Copy the material below verbatim from the line with "Blue Sky Plan" to the line with "And with this", both lines included, omitting pictures and every line outside that range.

:: DATA FOR THIS TASK

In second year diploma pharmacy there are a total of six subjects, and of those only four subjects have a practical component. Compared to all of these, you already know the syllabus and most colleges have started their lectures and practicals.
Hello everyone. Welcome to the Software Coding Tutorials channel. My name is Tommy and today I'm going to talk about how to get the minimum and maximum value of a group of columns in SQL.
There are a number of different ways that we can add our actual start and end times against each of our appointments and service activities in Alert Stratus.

::::
:: DATA FOR THIS TASK

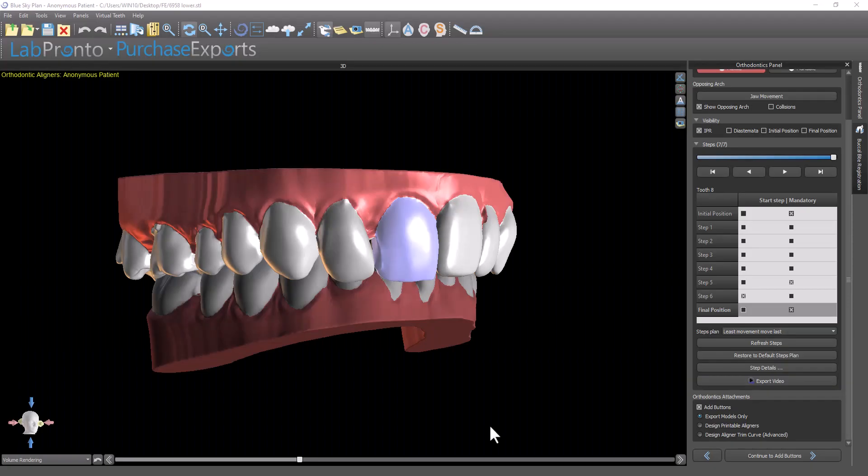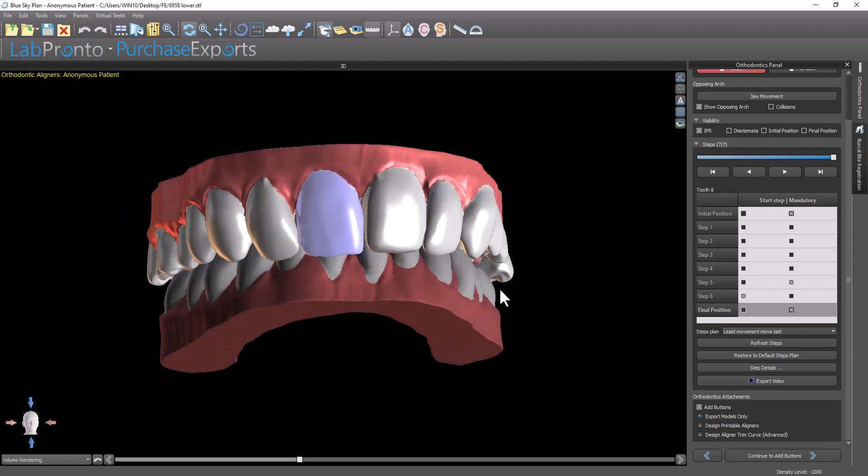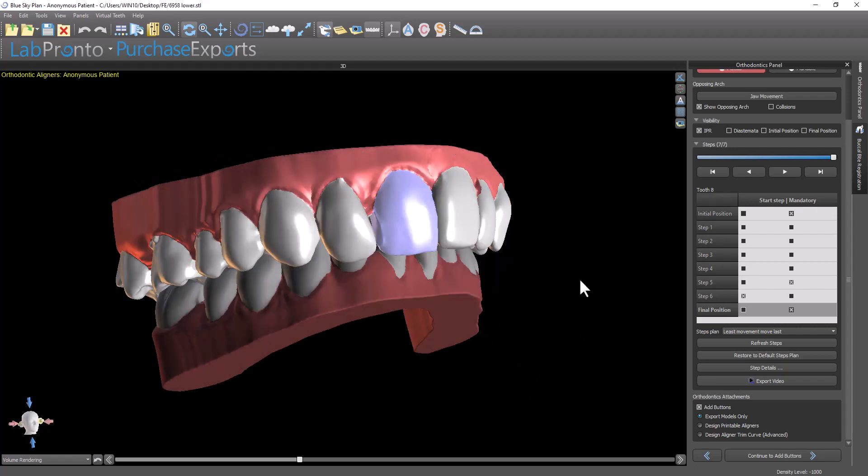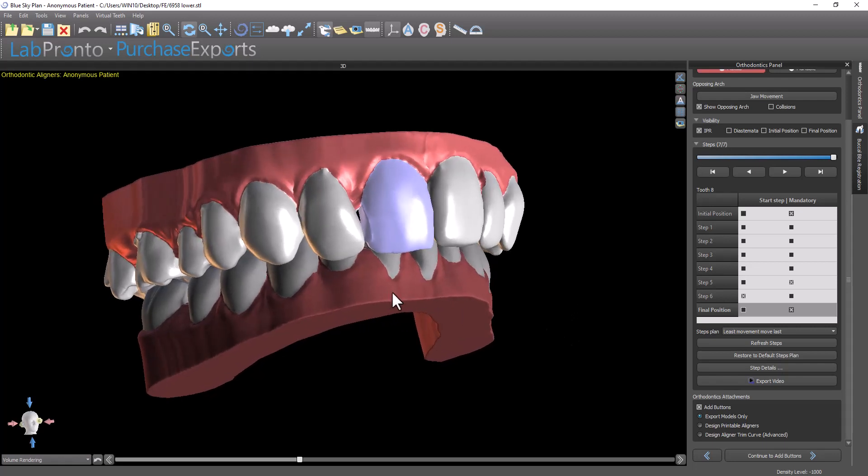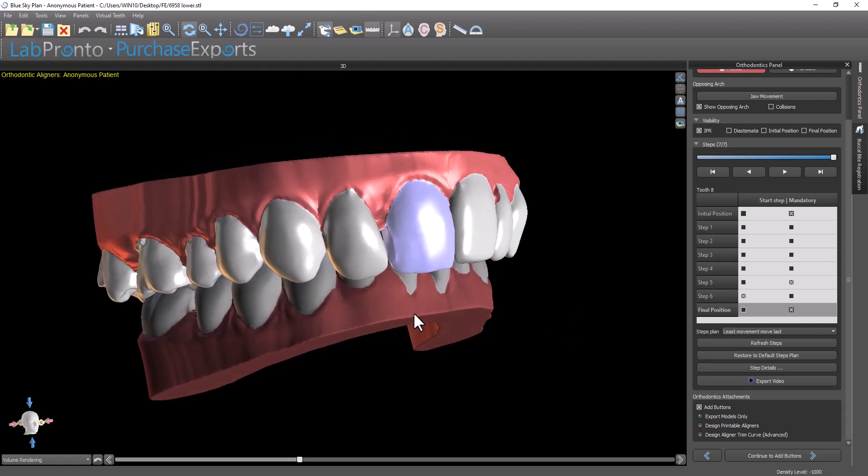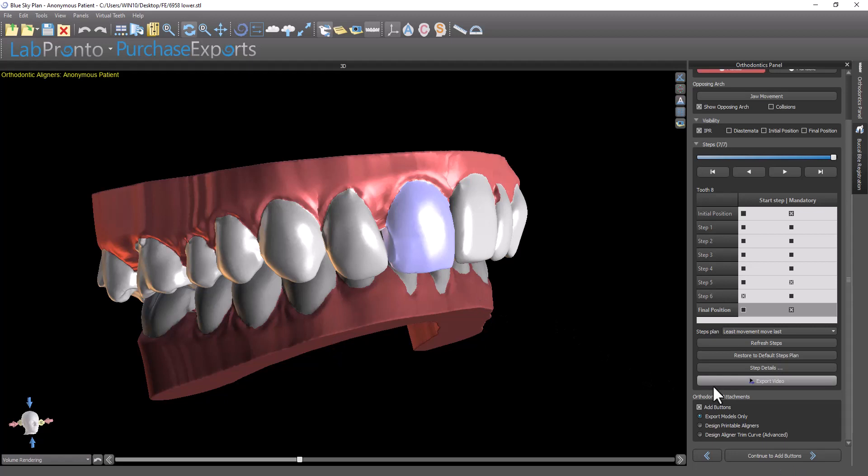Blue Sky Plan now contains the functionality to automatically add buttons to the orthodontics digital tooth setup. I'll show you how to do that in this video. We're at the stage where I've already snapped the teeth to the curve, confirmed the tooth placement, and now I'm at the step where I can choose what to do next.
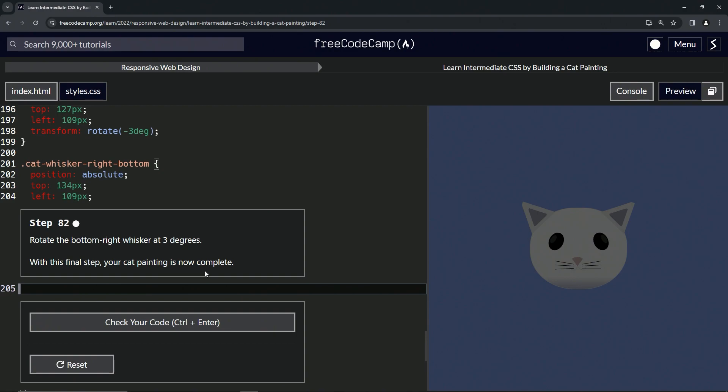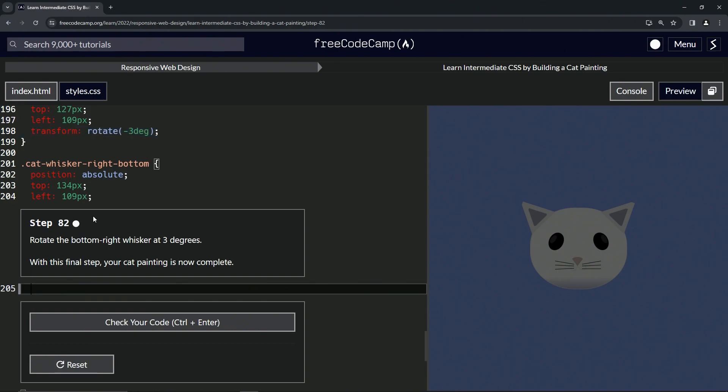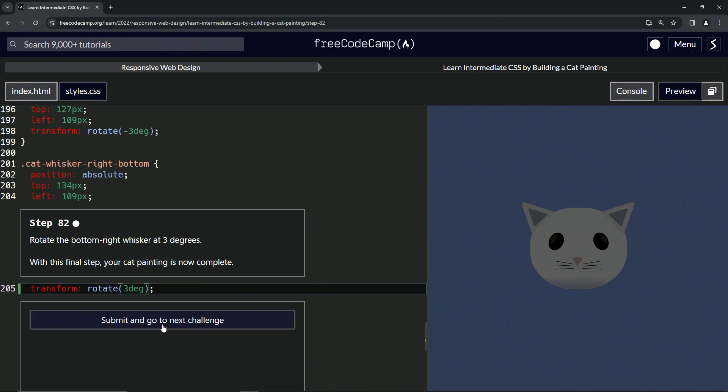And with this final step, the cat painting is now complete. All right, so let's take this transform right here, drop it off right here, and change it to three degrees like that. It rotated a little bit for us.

::::

ANSWER SECTION -
Blue Sky Plan now contains the functionality to automatically add buttons to the orthodontics digital tooth setup. I'll show you how to do that in this video. We're at the stage where I've already snapped the teeth to the curve, confirmed the tooth placement, and now I'm at the step where I can choose what to do next.
And with this final step, the cat painting is now complete. All right, so let's take this transform right here, drop it off right here, and change it to three degrees like that. It rotated a little bit for us.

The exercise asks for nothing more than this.